The other component in our royalty relates to the 3G. As I said, we are expanding. We are taking market share from Qualcomm in the 3G space and this is a process that started early this year. Our customer already said that they are expanding into Samsung in the 3G. Lot of phones are coming out from Samsung that is based on our technology. We said in our conference call that with key customer we sold is a 2x sequential increase in volume coming in the 3G space. So, we are expecting to grow in our 3G space replacing basically – displacing basically Qualcomm. We don’t need for our growth to -- the 3G market will go. The market grows in the modest rate of 6% or 7%, but we are displacing Qualcomm and that’s the component.

So, there are two parts in our royalty models that we are building internally, continuing – keeping the 2G position and expanding into 3G. Now, what we see – what we saw at the beginning of the year is two – basically two phenomenals that cause us to basically take a prudent approach. It’s not that we postmortem saw something it's something that we decided to take a prudent approach in order not to surprise the people. Number one is in the 2G space. In the 2G space, there is a transition from a very basic phone to a more advanced phones that are, I would call it, smartphone user experience. These are not Apple type of phones. These are phones that has a touch. These are phones that has internet access and things like this.

So, in the very low tier of the voice phones, we are seeing a significant notice, but I wouldn’t say significant price reduction that the size of this market is still big. We are basically see our royalty is big coming down, because of the price going, price reduction, we call it price erosion. Now, the market is going into this more advanced smartphone. When we go to these smartphone elements and this is the first transition already started, MediaTek commented about it, (indiscernible) commented about it, Nokia in their comments said that the market is going – is looking for more smart advance phone. When you go to this one, the ASP will be – will go back to the higher level, the levels that we used to be. So, that’s one element that we took a prudent approach and say we know that it's going to be there. We don’t know exactly the pace .We are speaking about between 70 million to 80 million units shipped in this segment per quarter. So, we don’t – right now, we see few millions going there, but we don’t know exactly when this comes to basically the replace, the basic phone was advanced smartphone. So, this one, as I said, it's a prudent approach, because we want to make sure that we have – how fast it's going be.
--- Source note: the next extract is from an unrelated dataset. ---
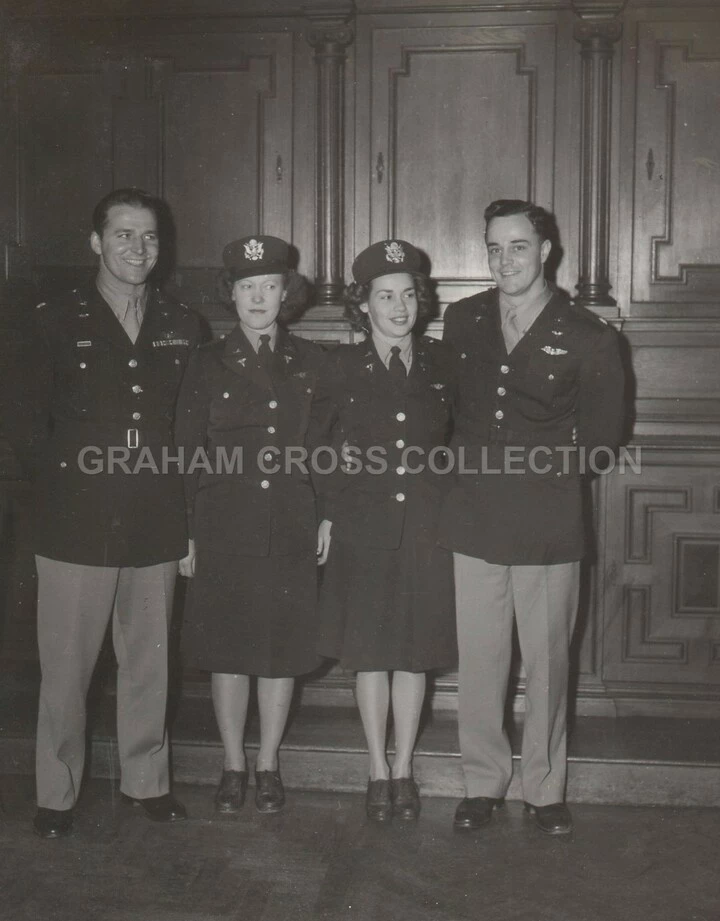 Lt Col. J. Bradley McManus (right) of the 364th Fighter Group met his future wife, Flight Nurse Lt. Lois Bebout (next to MacManus) travelling to the United Kingdom on the Queen Elizabeth. This photo is of their wedding reception at Honington. Left is Lt Col. George F. Ceuleers.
The other element relates to one specific customer is Nokia. And this is something that I would like to elaborate, because I see many people are confusing about, getting confused or in associating us to other issues that has Nokia, because there is one issue, big issue that Nokia has in the smartphone and the transition from Symbian phone to smartphone to Windows phone has nothing to do with CEVA, because we are not supplying them. 80% of Nokia shipments in the quarter and Nokia shipped about, in general, in the last, let's say, year or so between 100 to 110 million unit a quarter in which only 15% to 20% is smartphone, the other portion is mobile phone. And this is the CEVA play. In early 2009, we started to displace the R&D space and we grow our shareholder and we rely on Nokia not rely, but Nokia is a big user of us.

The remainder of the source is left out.